Exercise prompt: Leave the pictures in the listing below aside and reproduce exactly the lines starting with the one with "Fauzauk Coolmax Kompressions" and going on through the one with "Maximum Strength Baby", both ends included.

::::

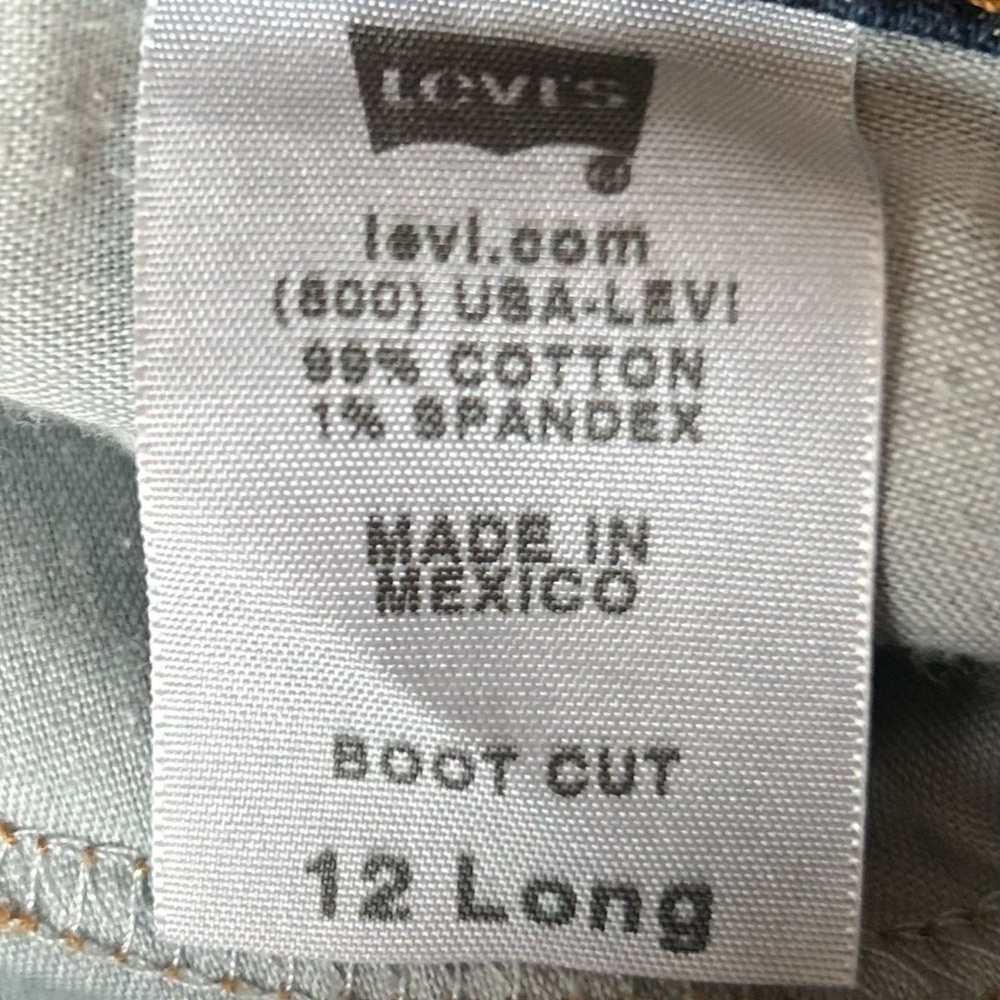 Levi’s 515 Women’s Jeans Dark Wash Size 12 Long Bootcut Five Pocket Denim EUC - Picture 3 of 7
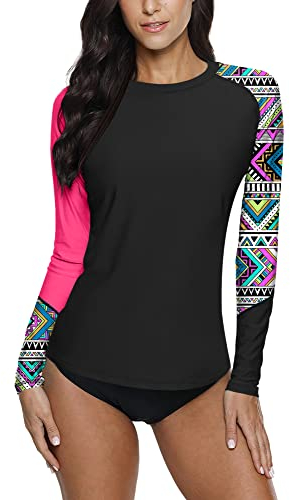 BesserBay Damen UV Shirt Damen Langarm Bademode Rash Guard Tankini UPF 50+ Schwarz Gr. 38 EU/Medium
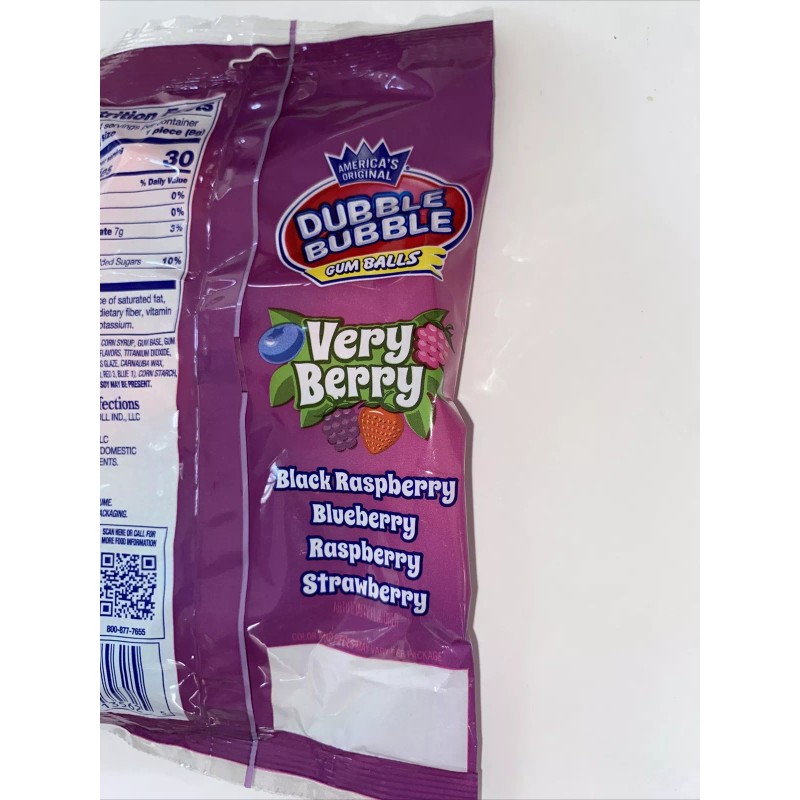 Dubble Bubble Very Berry Black Rasp, Blueberry Gum Balls 4oz.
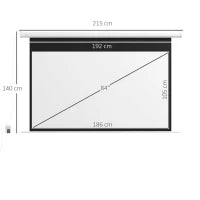 Telo per Proiettore 84" 16:9 Motorizzato con Telecomando, 215x8x140cm, Bianco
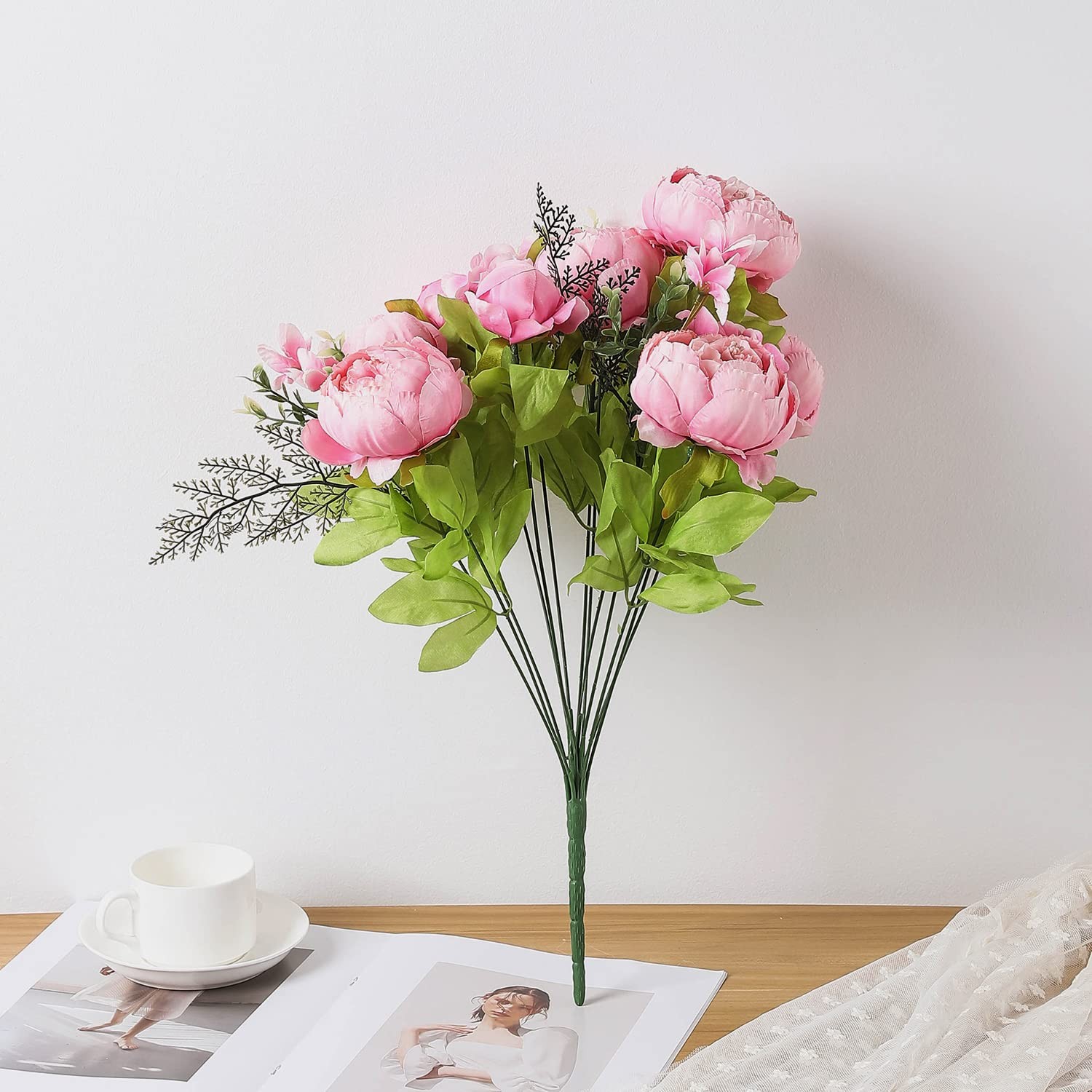 1 PCS Spring Artificial Silk Peony Bouquet Light Pink Wedding Home Decoration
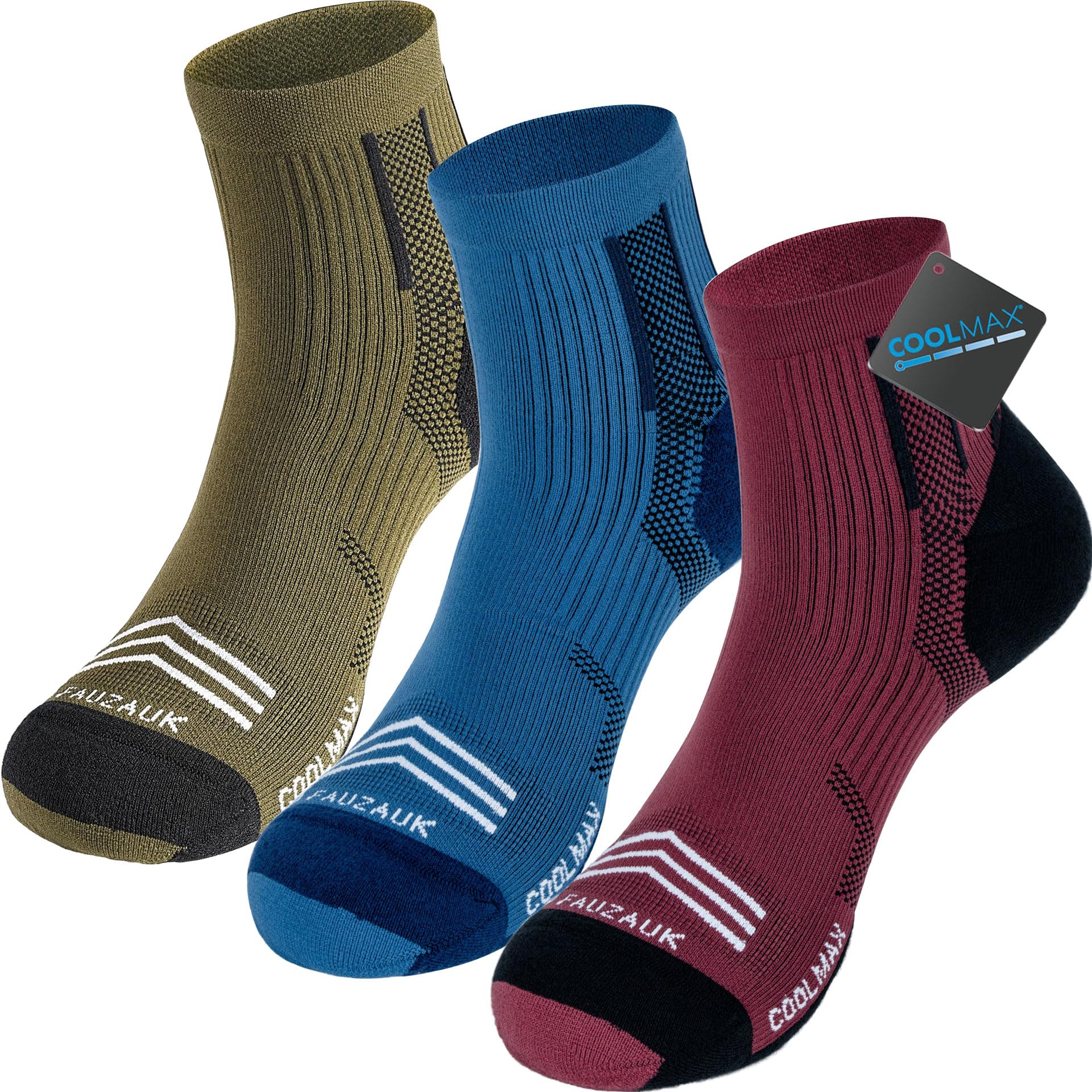 Fauzauk Coolmax Kompressions Laufsocken Herren Damen Atmungsaktive Sport Socken Anti-Blasen Kurze Sportsocken for Wandern Trekking Fahrrad 3 Paar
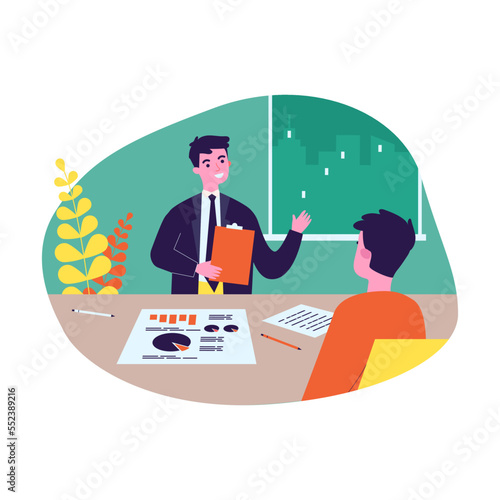 Businessman with documents talking to man at office table. Human recourses manager telling about company flat vector illustration. Job interview, HR, recruitment concept for banner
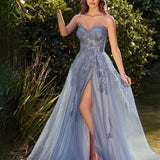 Azura Strapless Gown - Paris Blue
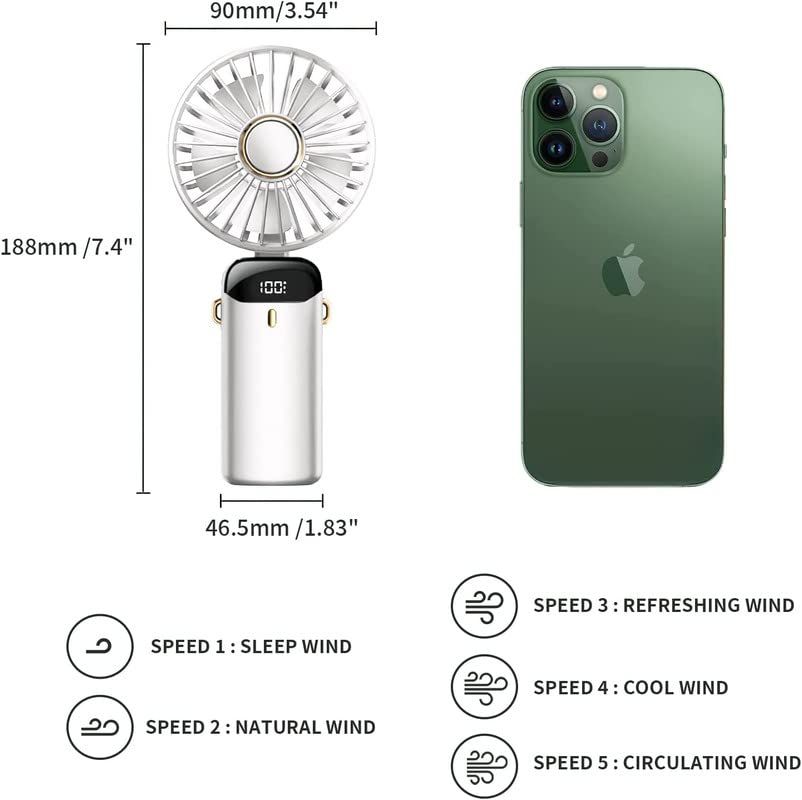 USB Handheld Mini Fan Foldable Portable Neck Hanging Fans LED Digital Display 90°Phone Stand Adjustable Desktop Charging Fan 5 Speed USB Fan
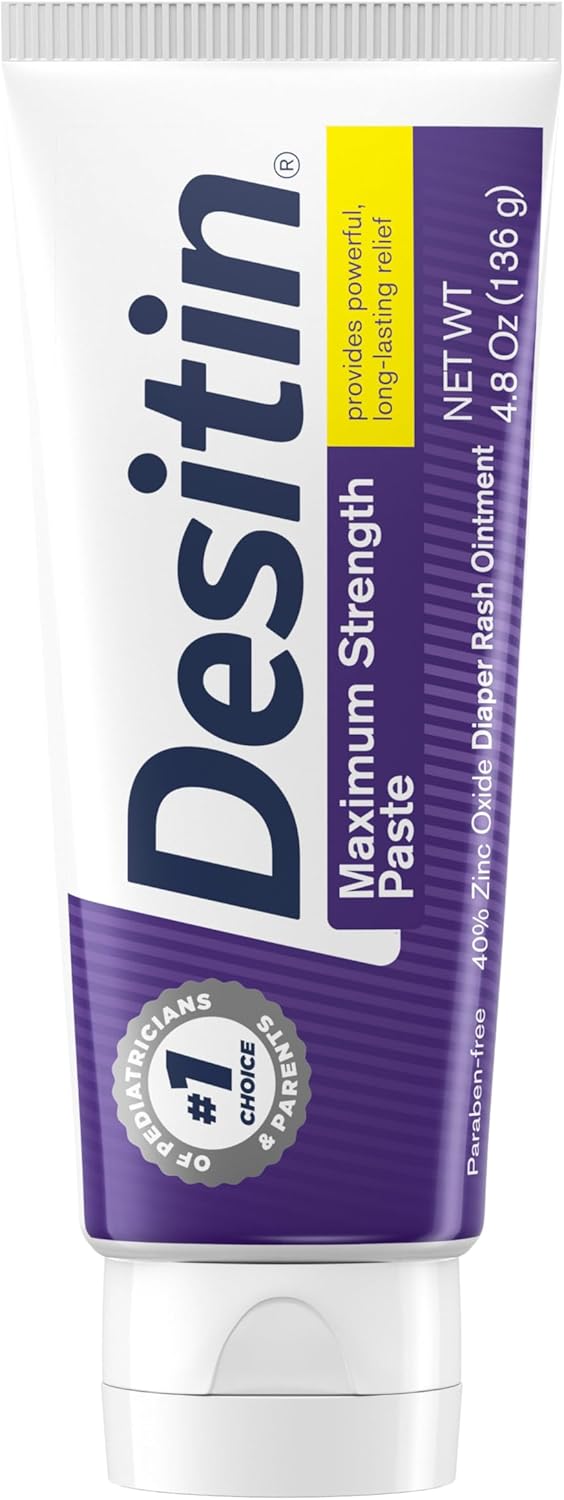 Maximum Strength Baby Diaper Rash Cream – 40% Zinc Oxide, 4.8oz Tube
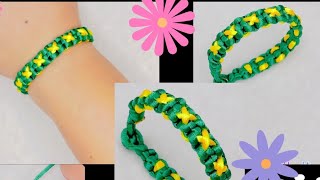 SUPER EASY TO MAKE MACRAME BRACELET 🪢💞 PARACORD BRACELET TUTORIAL [upl. by Dorolice]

::::

Result of this task:
 Fauzauk Coolmax Kompressions Laufsocken Herren Damen Atmungsaktive Sport Socken Anti-Blasen Kurze Sportsocken for Wandern Trekking Fahrrad 3 Paar
 Businessman with documents talking to man at office table. Human recourses manager telling about company flat vector illustration. Job interview, HR, recruitment concept for banner
 Azura Strapless Gown - Paris Blue
 USB Handheld Mini Fan Foldable Portable Neck Hanging Fans LED Digital Display 90°Phone Stand Adjustable Desktop Charging Fan 5 Speed USB Fan
 Maximum Strength Baby Diaper Rash Cream – 40% Zinc Oxide, 4.8oz Tube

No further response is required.